With TV getting so good, and streaming services producing their own content, the cinema is in desperate need of renewal. It will survive, it always does, but right now it struggles for relevancy. The Hollywood films all obvious and brain dead, the indie films obscure and slow.
Of course I'm generalising, of course you could name ten films you liked from the last year. But still, the game is changing, and people only want to give up two hours for a flick if it's going to be exceptional.
To be honest with you, I am going through a stage of resisting the cinema. It's so rare that you see something great. 'Upstream Color' is not exceptional, but then why does it need to be? Cinema hasn't set the bar high for years.
Here's some perspective from a guy called Matthew Milam, whose quote was published on The Lefsetz Letter:
"In the 80s, you had 15 - 20 movie studios each putting out 20 pictures a year. When you need to produce 400 films, you've sometimes just got to give a kid 10 million bucks and tell him to come back with something great. At the same time, you had 3 (4 if you count Fox) TV networks who had to play it safe. They were the only game in town and they were putting out content that had to attract advertisers.
Cut to 2013 and the roles have been flipped. You've got 10 studios each putting out a diminishing number of pictures every year. They've got to play it safe because they're taking fewer bites at the apple. Innovation has ceased in the pursuit of the sure dollar - an oxymoron if there ever was one.Then, in TV, you've got God knows how many channels all clamoring for content. A day doesn't pass where you don't hear about some network jumping into the scripted TV game."

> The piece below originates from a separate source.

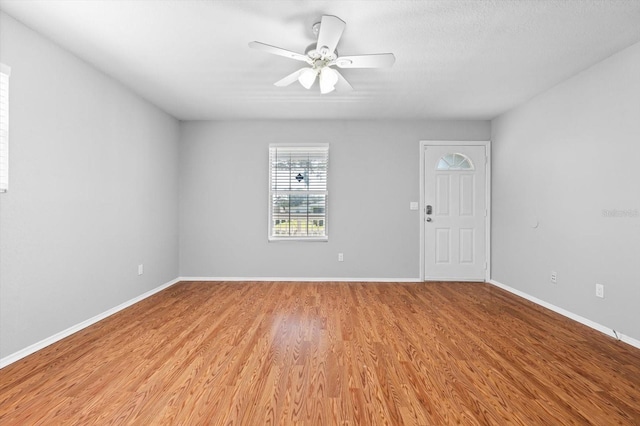 empty room with ceiling fan and light hardwood / wood-style flooring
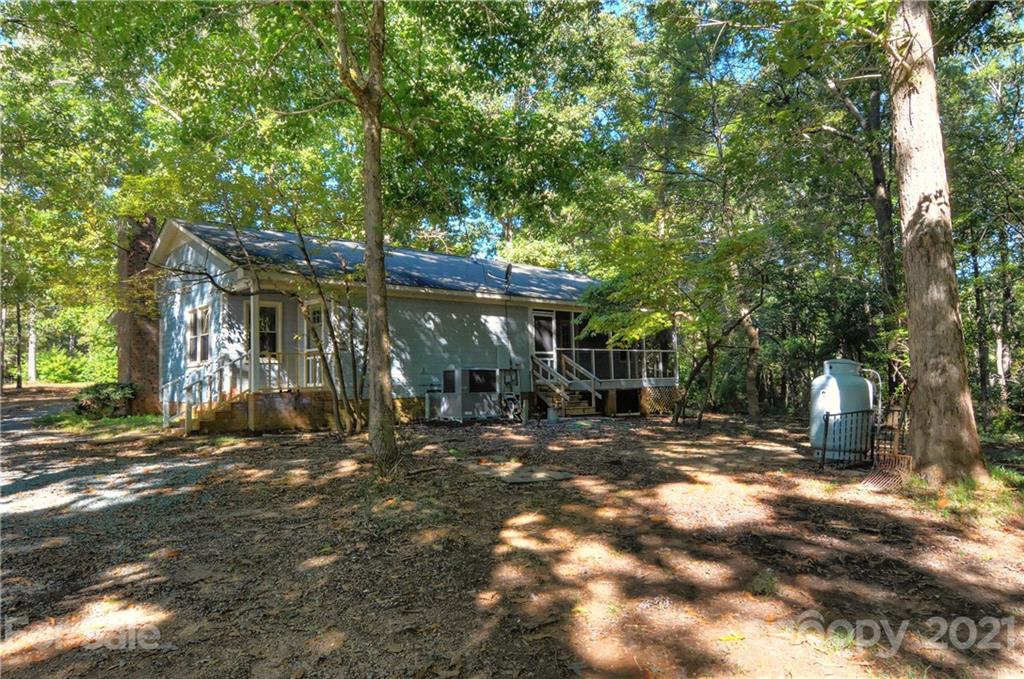 3621 Austin Road Monroe, NC 28112 - Photo 24 of 28 a view of a trees in a backyard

We assume, because we're fans, that cinema is meant to be great. We assume that the innovators and artists will arise, eventually, and we assume they'll make stuff we'll relate to.
But the film studios make their money by packing stars and predictability. That doesn't always work, but it's the best the studios have come up with. And in the current era, it's no longer about the director. Only Nolan and Tarantino can pack a cinema, and that's because the power is no longer with the creatives.
Not that it ever was, really, but they used to always break through - now it's harder than ever. When scripts get sold in pitch meetings, when executives come up with the ideas, when sequels are constantly green-lit purely because of box office, what happens to art? What happens to original ideas?
Nobody knows. It's a mystery. I think it has something to do with pigs walking in and out of focus.